## EXERCISE GOAL:
Here the job is to transcribe the data exactly while omitting the images.

## Saved entries:
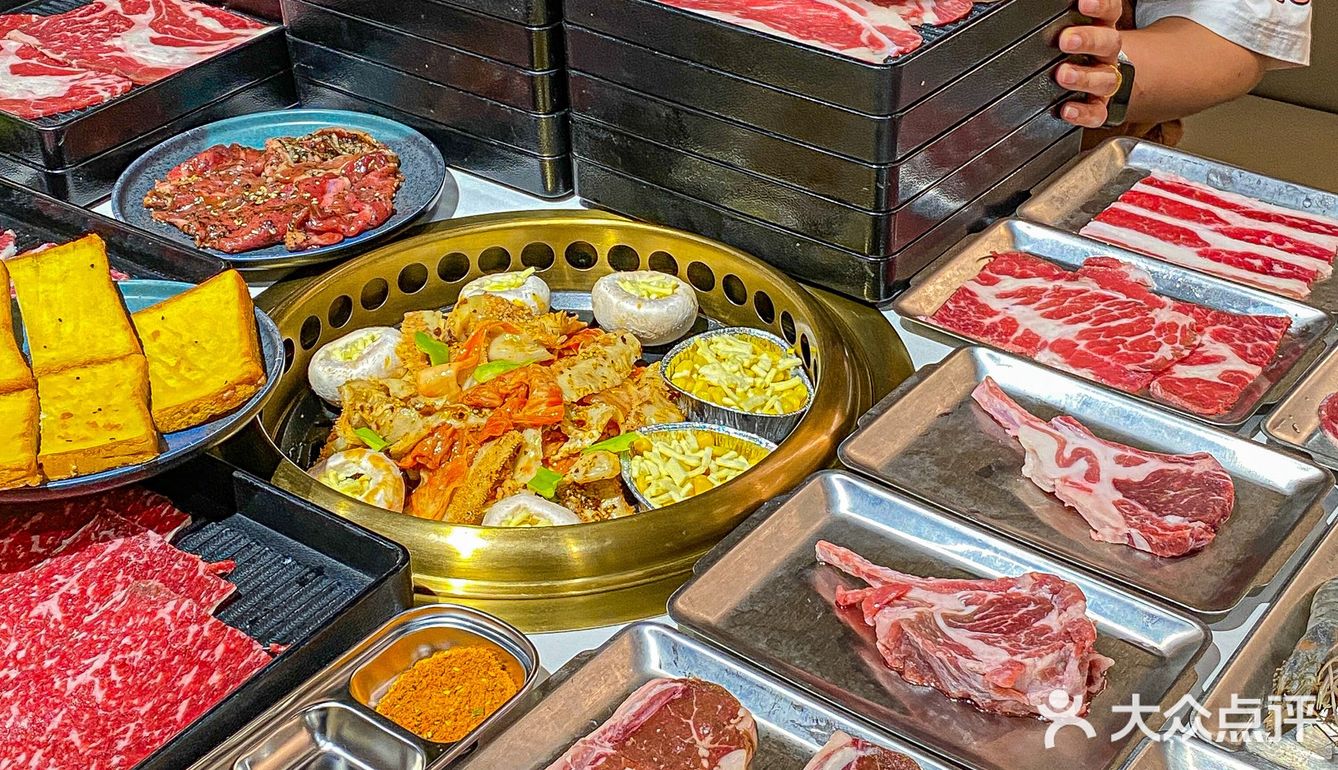 在西安！吃了一次念念不忘的M7和牛烤肉自助……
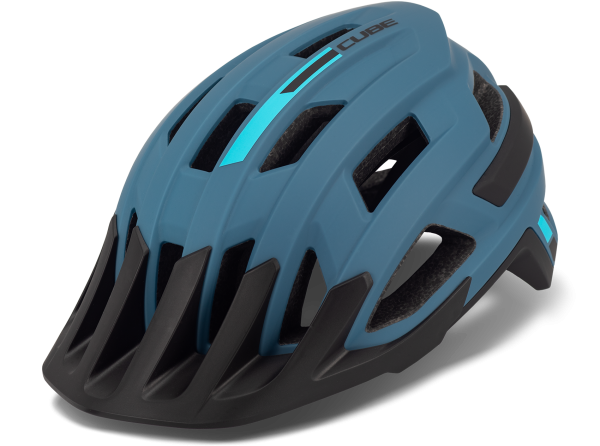 Cube Rook Cykehjelm, Blue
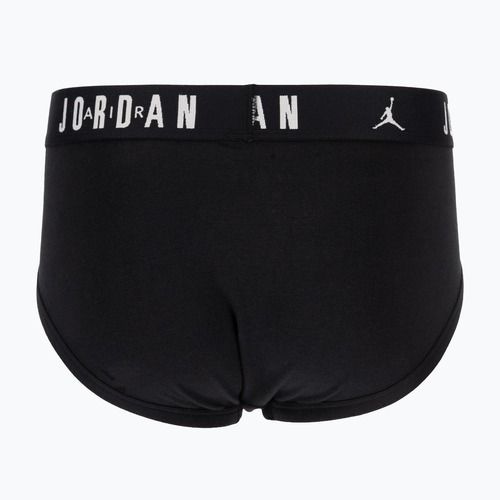 Gyermek boxer nadrág  Jordan JHB Briefs 3 pairs black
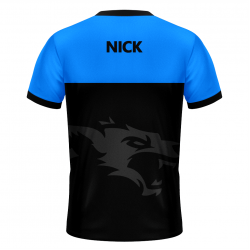 Uniforme - Wolf Gaming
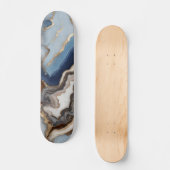 Agate Marble Skateboard (Voorkant)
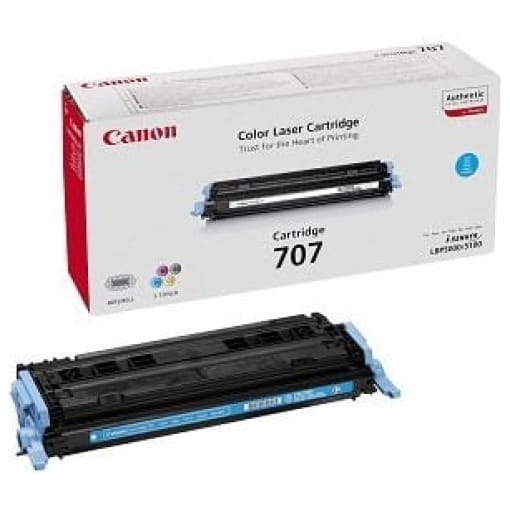 Toner Canon CRG-707 modra, original - E-kartuse.si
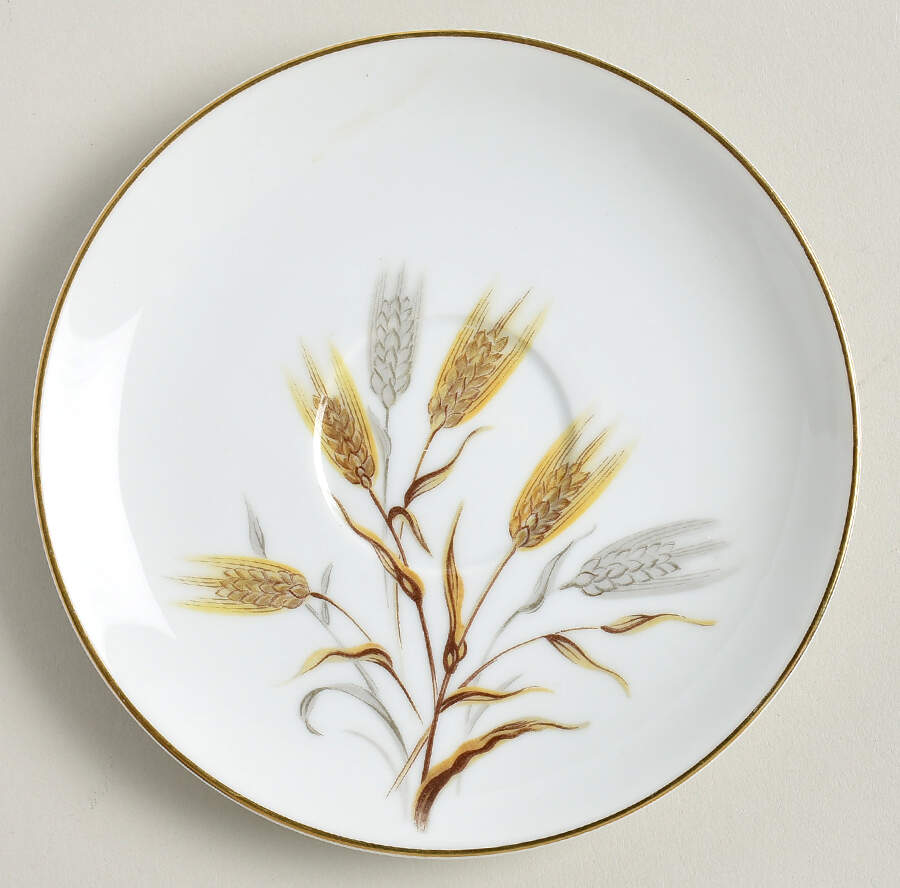 Wheaton Saucer for Flat Cup by Noritake-1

## RESPONSE TO THE EXERCISE:
 在西安！吃了一次念念不忘的M7和牛烤肉自助……
 Cube Rook Cykehjelm, Blue
 Gyermek boxer nadrág  Jordan JHB Briefs 3 pairs black
 Uniforme - Wolf Gaming
 Agate Marble Skateboard (Voorkant)
 Toner Canon CRG-707 modra, original - E-kartuse.si
 Wheaton Saucer for Flat Cup by Noritake-1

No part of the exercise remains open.